My modest 4 panel array supplies enough energy to power my house on normal days...
It WILL NOT power the Central Air Conditioner, And it will NOT power the 220V cloths dryer.

The 4 panel array generates enough energy to sell back to the power company that my bill is usually '$0.00 Due'.

We have made some concessions...
My house is modest, a 1951 built stick frame house with full basement, and we had to do insulation in the walls (didn't have ANY) and we insulated the attic (had about 2" in SOME places)

We rewired the house, and then went with expanding foam insulation in the walls.
It has a built in fungus killer, insecticide, pesticide, it's a moisture barrier and wind barrier all in one pass...
So if someone tells you that expanding foam isn't worth the extra money, Just smile and nod, especially if you have an older home that doesn't have moisture or wind barriers!
You just wouldn't believe the difference that insulation and new doors/windows made in this place!

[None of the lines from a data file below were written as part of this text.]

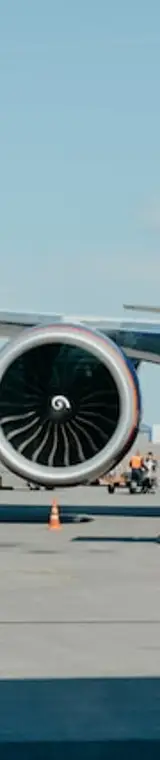 L'aéroport Marseille Provence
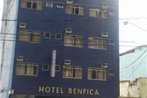 Hotel Benfica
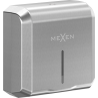 Mexen Verno-E Papierhandtuchspender, Inox - 70K430-01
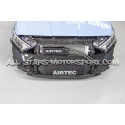 Hyundai I20N Airtec Oil Cooler Kit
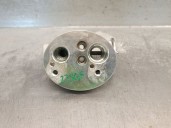 Recambio de valvula expansion para bmw 5 (f10) 530 d referencia OEM IAM 9159803 64119159803 7015914 TGKE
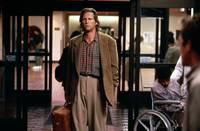 Кадр Бесстрашный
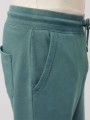 Pantalons à personnaliser STANLEY/STELLA Mover Vintage G. Dyed Hydro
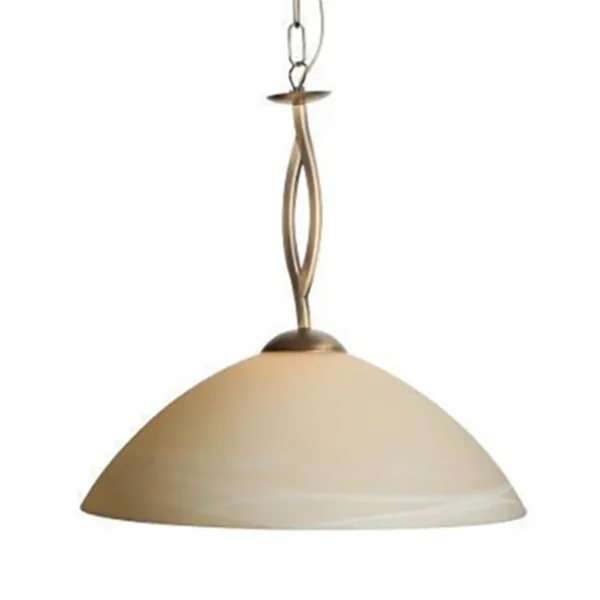 hanglamp_capri_bronsglas_0.webp Hot Straluma Hanglamp Capri brons/Glas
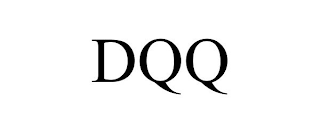 DQQ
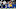 Chicago Bears, Macon Clark Chicago Bears, Macon Clark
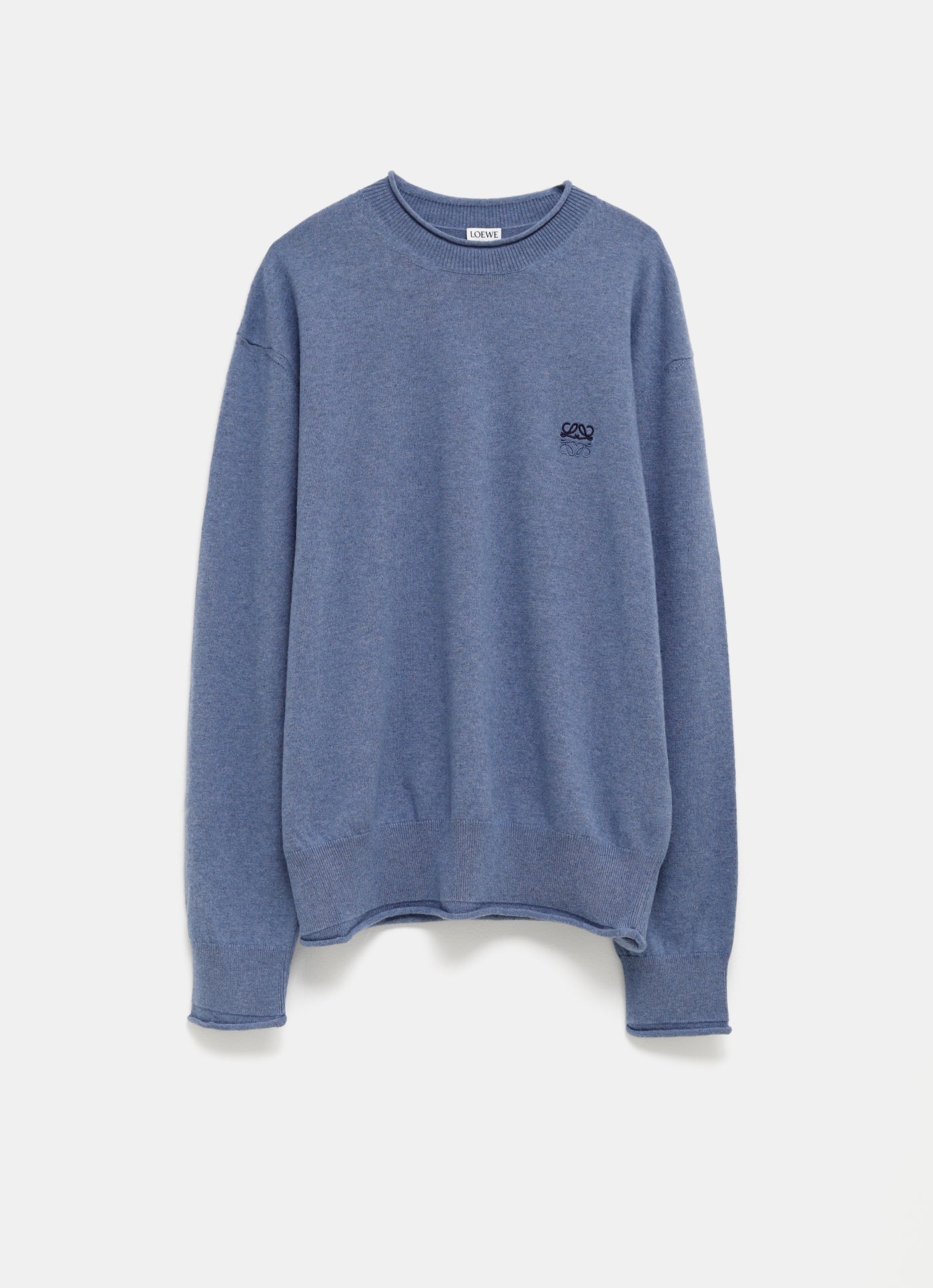 Jersey para hombre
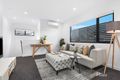 Property photo of 4/174 Porter Road Heidelberg Heights VIC 3081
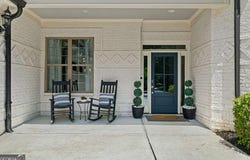 2601 Stoland Drive, Brookhaven, GA 30319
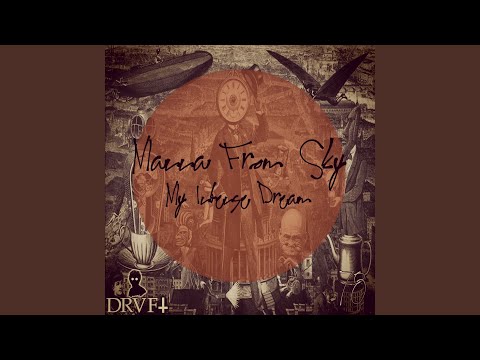 My Dream (Original Mix)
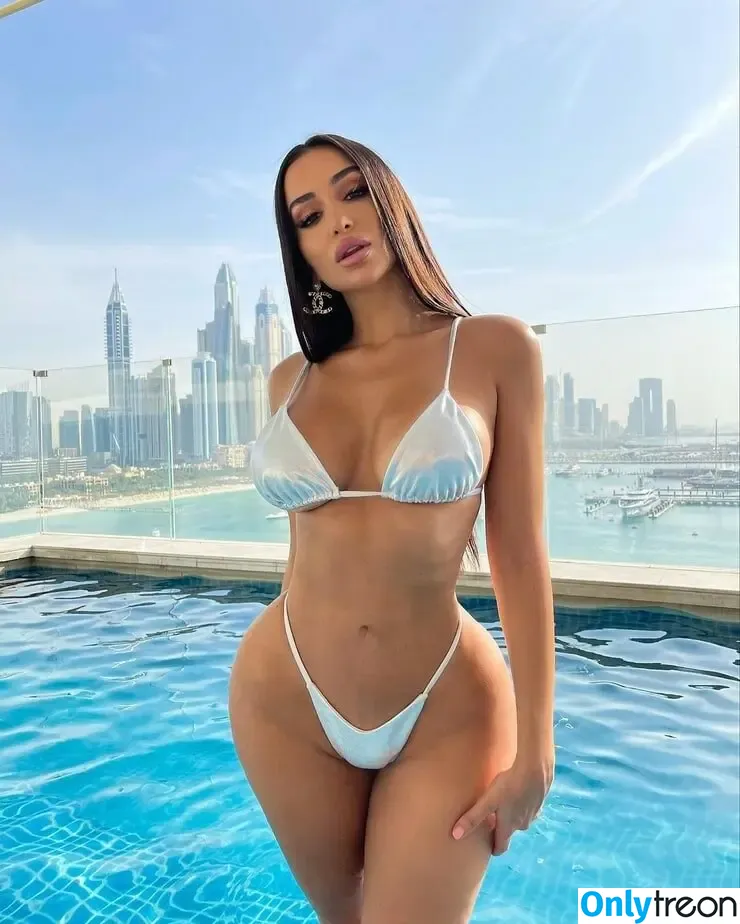 Silvia Micol голая photo #0020 (silviamicol-vip / silviamicol_)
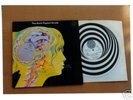 KEITH TIPPETT GROUP
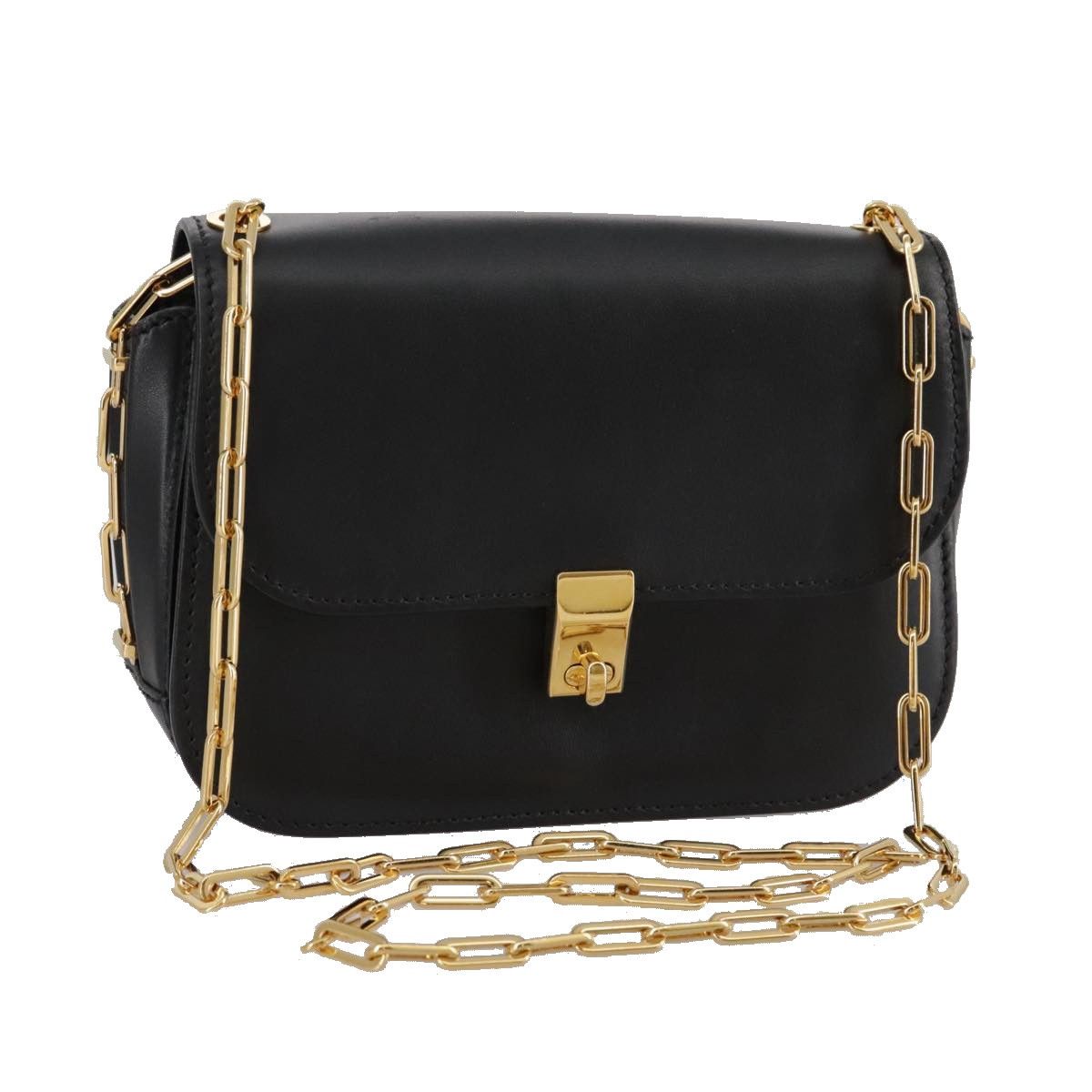 Valentino Valentino Garavani shoulder Size ONE SIZE - 17 Thumbnail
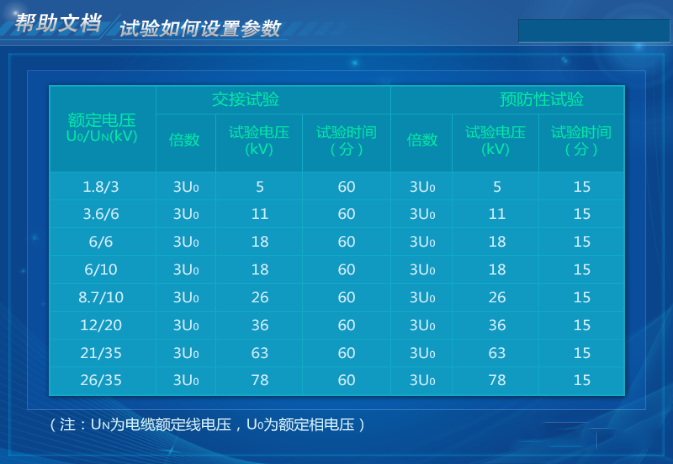 首页-suncitygroup太阳集团官方网站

We converted over to compact florescent bulbs throughout. That actually dropped the electric bill by half some months when we weren't using the air conditioner.

We paid attention to appliance energy ratings when we got them. Especially the central AC! 
We had two window AC units when we bought the place, and going to a high efficiency central AC cut the cooling bill by more than half, and we have the ENTIRE house cool!

Now we usually pay Zero for electricity, but we cook with gas and heat with gas... I'm working on that bill, but we don't have the chimney for a wood burner... Yet...

When the hot water heater went south, we replaced it with a wall hanging, tank-less unit. That helped on the gas bill a lot!

We garden, home can, and sell the excess to the farmers market guys. That saves a TON of money, and we get better, cleaner food for it!
We trade for what we don't have/didn't grow, and sell the rest.
We usually turn a profit on the garden from the excess production also, so that tax free money doesn't hurt anything!

I do most of my commuting in a '73 CJ-5 Jeep when I'm going to the farm or out to hunt or fish,
Or I do my town commuting a '83 S-10 pickup that has been converted to Electric drive.
Two older solar panels on the garage do the battery charging duties and I get about 40 miles out of it without a load around town.
That's a substantial savings in gasoline with it being $4.00+ a gallon lately, plus I reduce my carbon footprint so your kids have cleaner air to breathe and cleaner ground to grow food in.

I've got a long way to go, we are still using natural gas for cooking, heating and water heating,
And we still use too much gasoline, but I'm working on that!

When I can move out of town back to the farm I'm sure we will make our place more sustainable...

That's what 'Sustainable Living' movement is all about...
---------------------

I don't have a 5 or 6 thousand square foot home.
I also don't have a mortgage in foreclosure!

My 'Good Car' is a 6 year old smaller mid size vehicle that I bought used. It gets good fuel mileage.
I was able to pay cash for it so I'm not hemorrhaging money on the vehicle payment and inflated insurance every month.

My 'Farm/Hunting' vehicle is a 4 wheel drive, but it's small, light, easy to work on, gets good fuel mileage, and is old enough the insurance is cheap.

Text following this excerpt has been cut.